[PROBLEM]:
Using the records below, output the stretch that opens with the line containing "banos para ninos2" and closes with the line containing "2221 Yonge St #5301 — Photo 11", exactly and including both lines, with nothing more.

[AVAILABLE DATA]:
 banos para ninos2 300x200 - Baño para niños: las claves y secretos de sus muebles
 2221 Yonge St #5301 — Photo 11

* * *

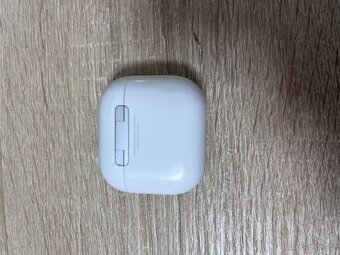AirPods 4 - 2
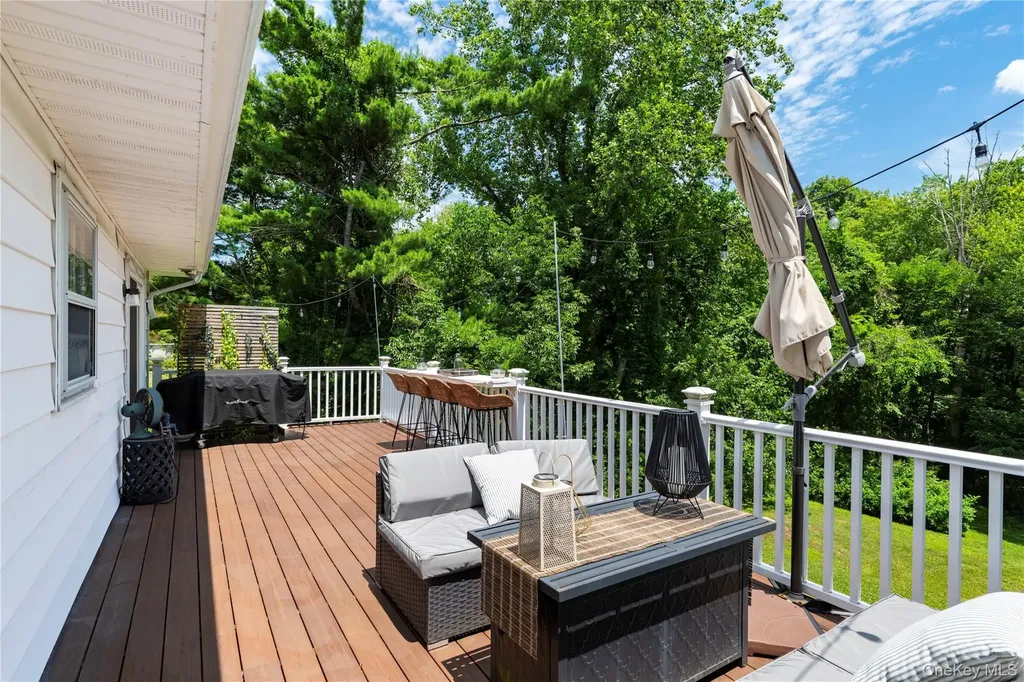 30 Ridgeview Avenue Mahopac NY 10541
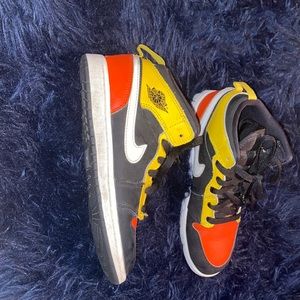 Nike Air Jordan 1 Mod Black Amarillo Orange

[WRITTEN RESPONSE]:
 banos para ninos2 300x200 - Baño para niños: las claves y secretos de sus muebles
 2221 Yonge St #5301 — Photo 11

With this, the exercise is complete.